Family Radio, the Christian stations network headed by Harold Camping which had spread his message of an approaching doomsday, was on Saturday playing recorded church music and devotional messages unrelated to the apocalypse.
Camping previously made a failed prediction Jesus Christ would return to Earth in 1994.
In his latest pronouncement, he had said doomsday would begin in Asia, but with midnight local time come and gone in Tokyo and Beijing and those cities already in the early hours of May 22, there was no sign of the apocalypse.
The Oakland, California, headquarters of the network of 66 U.S. stations, which has international affiliates and had posted billboards around the country warning of a May 21 Judgment Day, were shuttered with a sign in the door that read “This Office is Closed. Sorry we missed you!”

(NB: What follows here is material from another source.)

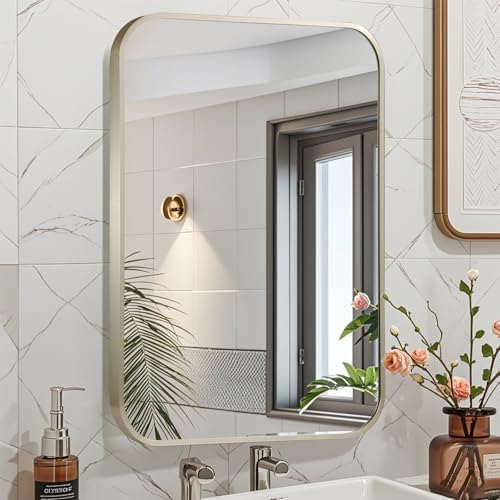 24x32 Inch Brushed Nickel Bathroom Mirror, Framed Rectangle Mirror with Rounded Corner, Brushed Mirror, Silver Bathroom Mirror for Over Sink, Vanity, Living Room, Bedroom, Horizontal/Vertical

The headquarters, which appears to be normally closed on Saturday, was also shuttered on Friday.
Camping, whose deep sonorous voice is frequently heard on his radio network expounding the Bible, could not be reached immediately for comment on Saturday.
On Friday, the shades were drawn and no one answered the door at his house in Alameda, California.

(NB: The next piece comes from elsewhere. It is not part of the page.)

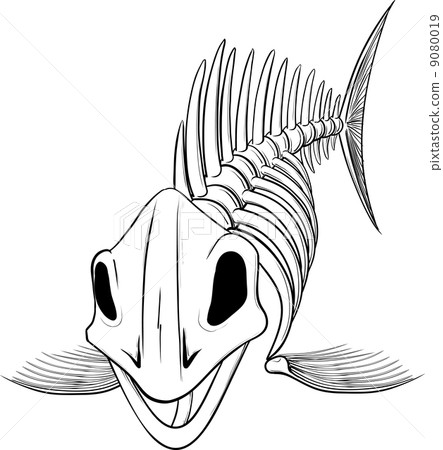 silhouette skeleton fish 9080019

Atheists in different parts of the country were planning celebrations and get-togethers to mark the failure of Camping’s May 21 prediction to come true.
In Oakland, the same city where Camping’s network is based, over 200 people gathered at an atheist convention where speakers jokingly took note of the Judgment Day pronouncement.
In New York, at least one of Camping’s followers continued to hold out hope that Judgment Day would come.
Retired Metropolitan Transportation Authority worker Robert Fitzpatrick, 60, said he spent more than $140,000 of his savings on subway posters and bus shelter advertisements warning of the May 21 Judgment Day.
“God’s people are commanded to sound the warning, to sound the trumpet so to speak so people know,” Fitzpatrick said of his advertising blitz.
Fitzpatrick said Camping led him to believe Judgment Day would be May 21, but added that he disagreed with the broadcaster’s prediction it would begin in Asia.
In Fitzpatrick’s view, from his reading of the Bible, Judgment Day would begin around 6 p.m. Eastern Time. He said on Saturday that he still had no doubts Judgment Day would come this day.
“I wouldn’t even entertain that question because there’s too much proof from the Bible,” he said.